Platform: Google Cloud Platform (GCP)

I have tried to set up GCP machine as advised and run into the following problems:

  1. Quotas: For “n1-highmem-16” instance you need 16 CPUs but the default quota is 8 (solution: increase CPU for “us-west1-b” from 8 to 16 and overall CPU quota from 12 to 16)
  2. CUDA driver: Installation of fastai2 upgrades torch from 1.4.0 to 1.6.0 and you get The NVIDIA driver on your system is too old AssertionError (solution: update CUDA Toolkit to 11.0)

After that, everything seems to work fine.

1 Like

Hi, I notice that GCP instructions are no longer included in the new course — any idea why?

1 Like

The ‘course.fast.ai’ site used to come from the ‘https://github.com/fastai/course-v3’ repository, but with the new course, the repository got switched to ‘https://github.com/fastai/course20’ which does not (yet?) include deployment documentation.

I’m using GCP and got everything running.
When I execute the first cell (imports) in the notebooks (e.g. in notebook 01_intro) I get the following ImportError:

ImportError: cannot import name ‘mobilenet_v2’ from ‘torchvision.models’ (/opt/conda/lib/python3.7/site-packages/torchvision/models/init.py)

I pip installed the fastai2 library and updated it again. The error is still the same.
Any idea?

I believe the instructions at the top of the thread are a bit out of date. I ran into the same issue and resolved it by uninstalling all of the existing fastai packages and then installing fastai (not fastai2 – the latest version of the fastai package is fastai v2). Then the code ran (though there are still some outstanding problems in my setup I’m trying to resolve).

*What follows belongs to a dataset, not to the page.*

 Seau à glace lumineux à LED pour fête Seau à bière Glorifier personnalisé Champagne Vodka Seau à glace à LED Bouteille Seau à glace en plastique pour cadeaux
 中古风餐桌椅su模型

This how-to post was also posted in the Fastai2 and new course thread, but it seemed more appropriate here in the GCP Platform thread.

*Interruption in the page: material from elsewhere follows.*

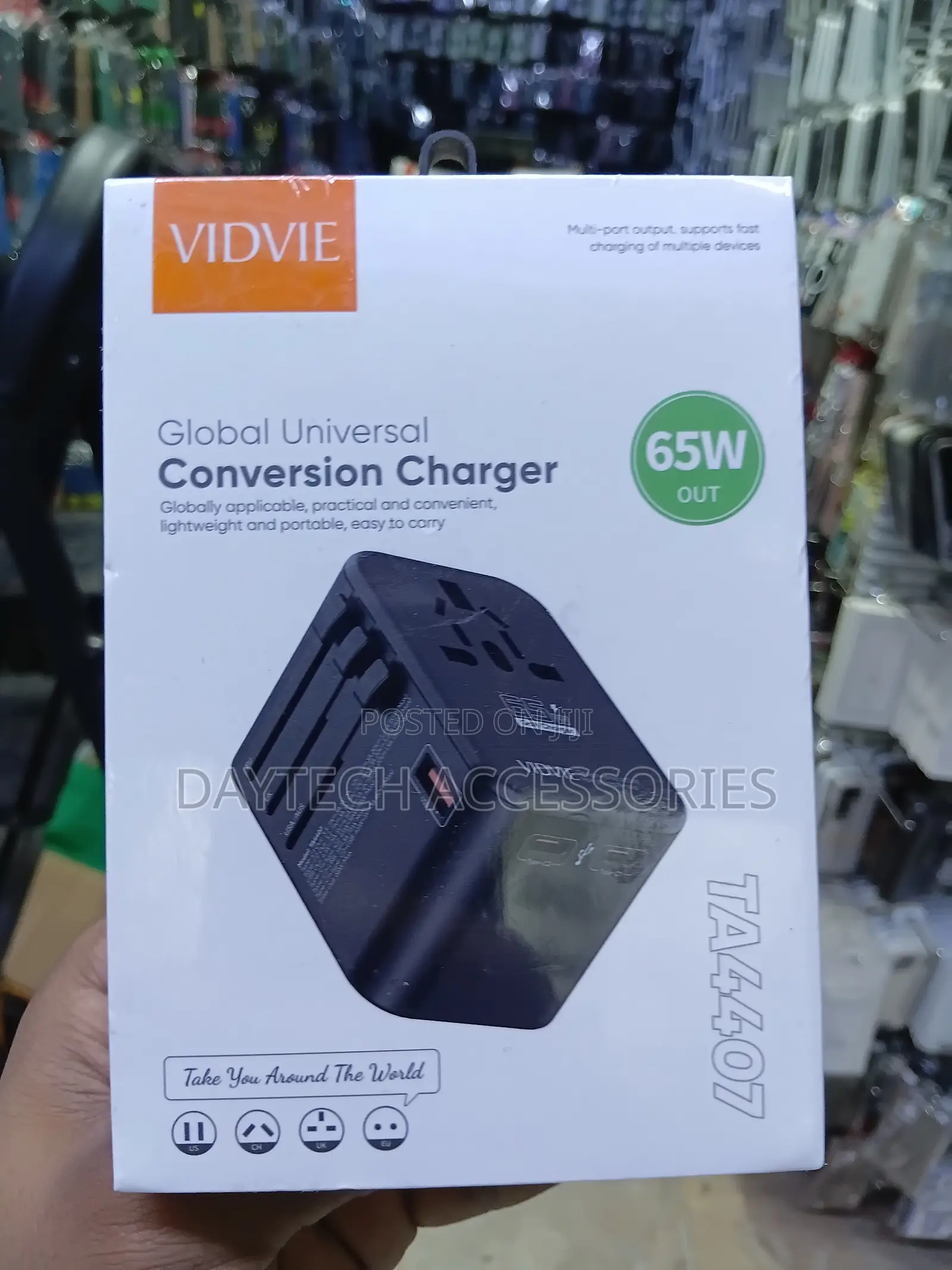 VIDVIE TA4407 65W Global Universal Travel Charger - Black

Please note that fastai 2 requires torch-1.6.0 and torchvision-0.7.0. The cuda drivers on the platform image are 10.1 and too old for torch-1.6.0. There are no pytorch images in the deeplearning-platform-release family with 10.2 or 11 cuda drivers. However the 10.2 drivers can be updated per @micstan

Here are the steps I followed to setup the GCP image with the new release and the book:

Follow the old GCP setup guide here: http://course19.fast.ai/start_gcp.html

Open a terminal. I use Putty

Login to terminal: gcloud compute ssh --zone “us-central1-b” “jupyter@fastai-4” – -L 8080:localhost:8080

Install 10.2 cuda

wget http://developer.download.nvidia.com/compute/cuda/10.2/Prod/local_installers/cuda_10.2.89_440.33.01_linux.run
sudo sh cuda_10.2.89_440.33.01_linux.run

Install fastai 2, fastcore and fastbook

cd tutorials
mv fastai fastai.old
git clone --recurse-submodules https://github.com/fastai/fastai
pip install -e “fastai[dev]”
git clone --recurse-submodules https://github.com/fastai/fastcore
cd fastcore
pip install -e “.[dev]”
cd …
git clone https://github.com/fastai/fastbook.git
cd fastbook
pip install -r requirements.txt
cd …

Check to see if pytorch and cuda are happy

python -c ‘import torch; print(torch.__version__); print(torch.version.cuda); print(torch.cuda.is_available()); print(torch.cuda.current_device())’

Test a few notebooks in the course and the fastbook folders

Launch local browser: http://localhost:8080/tree/tutorials

Verify the notebooks run

Run notebook from: http://localhost:8080/tree/tutorials/fastai/dev_nbs/course
Run notebook from: http://localhost:8080/notebooks/tutorials/fastbook/

Run a notebook with training to make sure the gpu is being used by looking at the training times for the epochs and checking out the sm and mem columns output from nvdia-smi dmon

nvidia-smi dmon

Perhaps others will have a more elegant solution, but for something quick to get started I haven’t run into any issues running fastai v2 and notebooks on GCP this way.

Cheers and many thanks for all the stellar work on the course, book and API! Mark

6 Likes

@markphillips , i just initiated a doc for the setup (https://github.com/fastai/course20/pull/9). Google Cloud has now a simplified method using “AI platform” that i believe can be easier for many people. Please feel free to modify. This one works for me but i’m not an expert in GCP so if others could edit it would be great.

1 Like

Nice! I’ll bet you’re right about this being easier for many people :grinning: An easier option with less knobs and an option with pretty much everything should pretty much cover all the bases.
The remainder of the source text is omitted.